One of the most frequently cited contractual clauses these days is the good old “force majeure” – in other words, an unavoidable external event or factor that the lawmaker seems to regard as an excuse for refusing to pay up, or as a reason for terminating the contract. The other legal term we’re hearing a lot is “frustration of contract”, as if it were something that can relieve us of our obligations if we suddenly find ourselves unable to fulfil the contract.
However, the Civil Code does not recognise “force majeure” at all as a basis for refusing to fulfil the terms of an agreement, and frustration of contract is only a special case of termination of a contract. In fact, the statutory regulations only allow us an extremely limited scope for lawfully failing to fulfil a contractual obligation or to legitimately demand a change in the terms of a long-term agreement.
For this reason, and in the hope that the current state of emergency is only temporary, it’s worth thinking about how we can temporarily amend a long-term contract in consultation with the counterparty, rather than considering unilateral steps that may be challenged on legal grounds.
Treat your employment contracts with care
Many businesses may feel that now’s the right time to lay off all or some of their employees. However, it’s worth bearing in mind that the rules on dismissal and group layoffs have not changed because of the crisis. Therefore, any such measure, if not suitably substantiated, carries the very real risk of a legal dispute.
Instead of dismissal, it may be worth trying to reduce your personnel costs through alternative means. Firstly, the government decrees that have been published recently provide very broad legal avenues for doing just this. Secondly, in the present situation it’s easier to agree with employees on solutions that may have seemed somewhat odd in the past. In addition, solutions such as these can boost the loyalty of your employees and reduce recruitment costs when you come to restarting production later on.

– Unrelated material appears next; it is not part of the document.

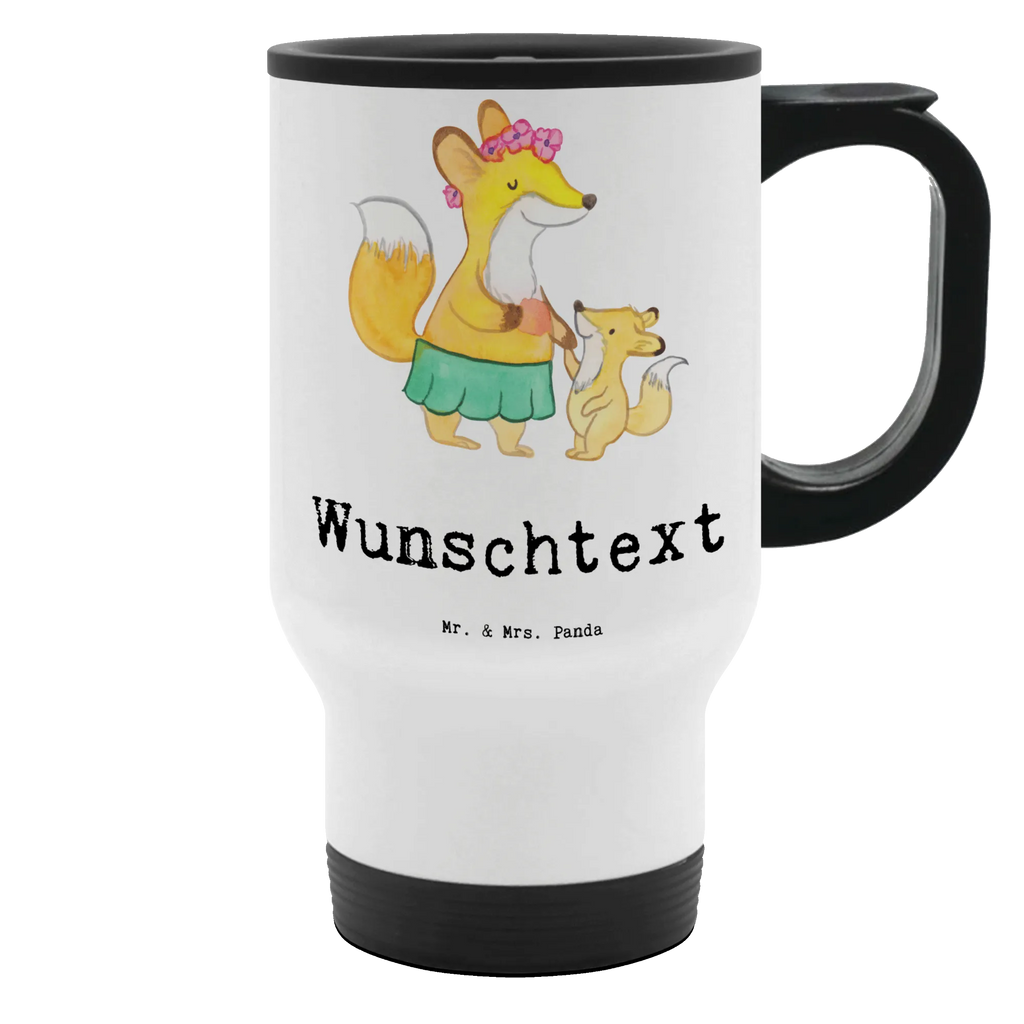 Personalisierter Thermobecher Mutter mit Herz Doppelwandiger Thermobecher Mit Namen, Thermobecher Selbst Gestalten, Thermobecher Für Damen Mit Namen, Lustiger Thermobecher Mit Wunschtext, Großer Thermobecher Mit Wunschtext, Auslaufsicherer Thermobecher Mit Gravur, Thermobecher Fürs Auto Mit Gravur, Thermobecher Als Geschenk Mit Wunschtext, Eleganter Thermobecher Mit Gravur, Reisebecher Mit Gravur, Thermobecher Für Kinder Mit Namen, Personalisierter Thermobecher, Thermobecher Für Kaffee Mit Wunschtext, Kaffeebecher To Go Mit Wunschtext, Moderner Thermobecher Mit Namen, Thermobecher Mit Text, Thermobecher Mit Wunschtext, Thermobecher Schule Mit Namen, Thermobecher Büro Mit Wunschtext, Isolierbecher Mit Namen, Thermobecher Mit Namen, Thermobecher Bedruckt Mit Wunschtext, Thermobecher Mit Deckel Und Text, Leichter Thermobecher Mit Namen, Umweltfreundlicher Thermobecher Mit Gravur, Thermobecher Edelstahl Mit Gravur, Thermobecher Für Herren Mit Wunschtext, Thermobecher Für Tee Personalisiert, Thermobecher Mit Motiv Und Text, Thermobecher Bambus Mit Wunschtext, Thermobecher Für Unterwegs Mit Text, Nachhaltiger Thermobecher Mit Wunschtext, Thermobecher Mit Spruch, Thermobecher Kunststoff Personalisiert, Kleiner Thermobecher Mit Gravur, To Go Becher Mit Namen, Beruf, Ausbildung, Jubiläum, Abschied, Rente, Kollege, Kollegin, Geschenk, Schenken, Arbeitskollege, Mitarbeiter, Firma, Danke, Dankeschön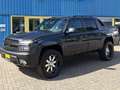 Chevrolet Avalanche 5.3 4WD 1500 - thumbnail 1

Be careful before withdrawing assets or selling the business
In an insolvency situation, many business owners are likely to be thinking about how the valuable assets of their business might be rescued from the “sinking ship”. There are a number of solutions circulating in practice for documenting this sort of thing that push the boundaries of legality.
It’s worth bearing in mind that if your business is already under threat of insolvency, any such withdrawal of assets can be classed as illegal. If the company does go into liquidation, the liquidator has broad powers to challenge these transactions. Not to mention the fact that an illegal withdrawal of assets can easily be classed as a criminal offence. Therefore, even in this situation, it may be worth entering into talks with your business partner rather than taking unilateral action.
In an insolvency situation, selling your business quickly may not solve your problems either. The seller and majority owner may later, in the event of liquidation, be liable to the extent of all of his or her assets for any debts that are not covered by the company’s assets.
Debt repayment moratorium: all that glitters is not gold
The government decree of 18 March provided a credit repayment moratorium: principal, interest or fee payment obligations arising from credit and loan agreements and financial lease agreements will not become due until 31 December 2020. But are you sure you’d be better off with the moratorium?
A bit of caution wouldn’t hurt here either. The unpaid amounts of principal, interest and fees are to be repaid after the expiry of the moratorium, so this is not a waiver but just a temporary grace period. Since we currently don’t know how the overdue amounts will be managed, the non-payment of outstanding loan instalments may be decidedly disadvantageous for some debtors due to a longer repayment period or a different repayment profile. In such cases it may, therefore, be worth requesting a reinstatement of the loan repayments in accordance with the original contract by sending a statement to the financing bank.
Don’t fail to pay tax!
There have been a lot of ambiguous explanations in recent days about whether taxes should be paid. This was due to the fact that, according to one of the “crisis decrees”, tax enforcement procedures in progress on the day that the decree came into force were suspended. However, this is nothing more than what it seems: the tax enforcements that were in progress on 24 March have simply been put on hold. Therefore, those who do not pay any one or more of their taxes after this period is up will again be subject to tax enforcement procedures, as they had been before. Think about it: a budget that will soon lose a significant portion of its revenues anyway cannot afford not to collect taxes!
If you’re still unable to pay your taxes under the current circumstances, it’s worth requesting payment by instalments or a deferral. These requests are being treated more tolerantly than usual by the tax authorities.